Your answer is to be the exact text of the lines from the one containing "Travelodge Suites by" through the final line of the entries, restated in full, with pictures omitted.

Extracted information:
+++++
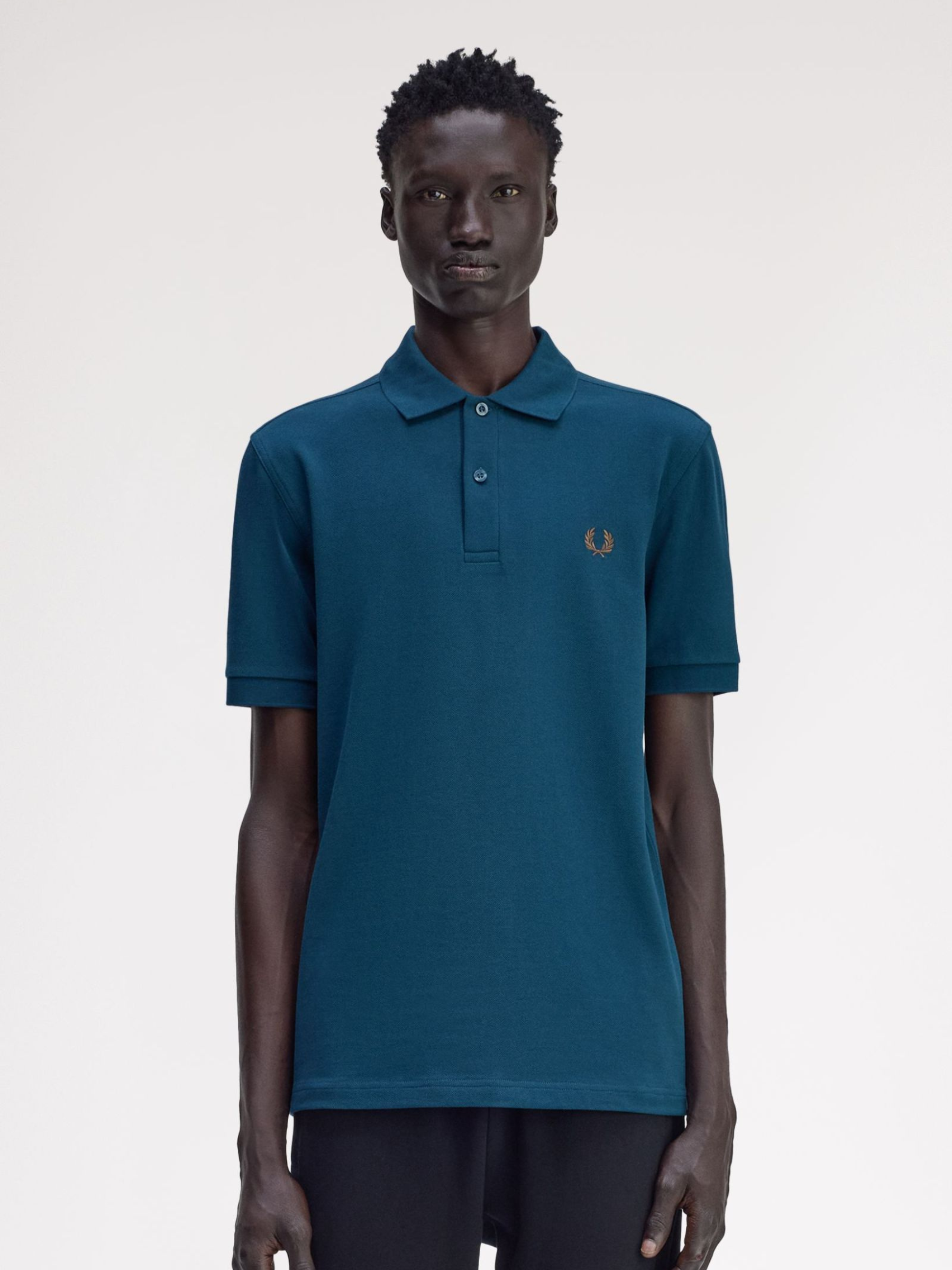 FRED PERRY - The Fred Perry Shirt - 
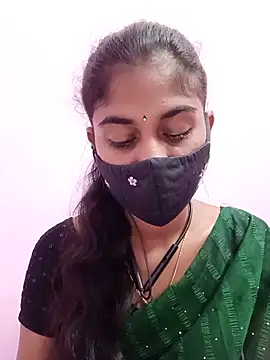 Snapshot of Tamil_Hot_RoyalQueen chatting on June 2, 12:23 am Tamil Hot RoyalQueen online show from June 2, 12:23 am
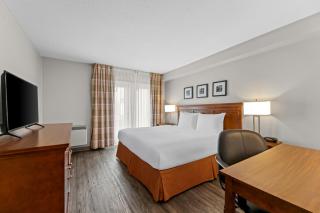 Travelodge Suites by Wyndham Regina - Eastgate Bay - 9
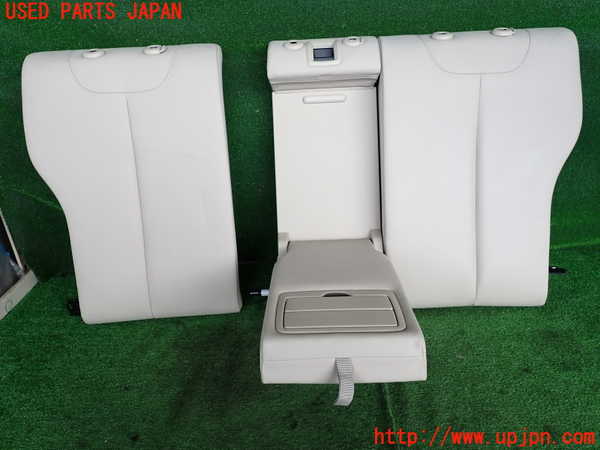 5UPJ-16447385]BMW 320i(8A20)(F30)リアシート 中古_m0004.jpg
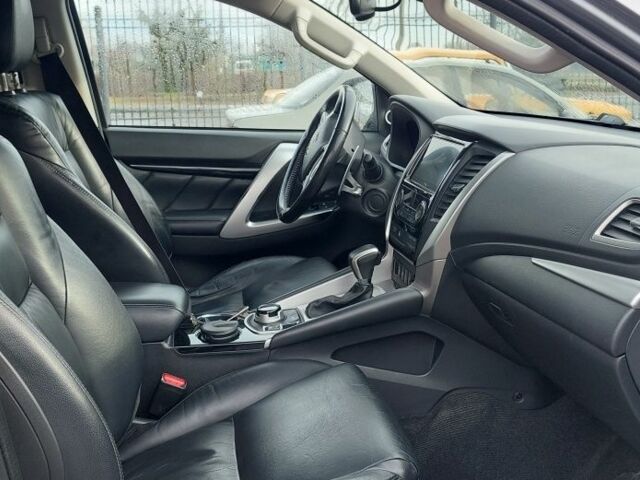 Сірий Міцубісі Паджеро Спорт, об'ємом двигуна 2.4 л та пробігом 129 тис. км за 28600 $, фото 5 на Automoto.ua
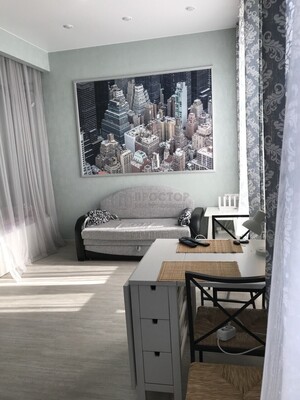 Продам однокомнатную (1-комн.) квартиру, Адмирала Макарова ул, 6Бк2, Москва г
+++++
Exercise solution:
 Travelodge Suites by Wyndham Regina - Eastgate Bay - 9
 5UPJ-16447385]BMW 320i(8A20)(F30)リアシート 中古_m0004.jpg
 Сірий Міцубісі Паджеро Спорт, об'ємом двигуна 2.4 л та пробігом 129 тис. км за 28600 $, фото 5 на Automoto.ua
 Продам однокомнатную (1-комн.) квартиру, Адмирала Макарова ул, 6Бк2, Москва г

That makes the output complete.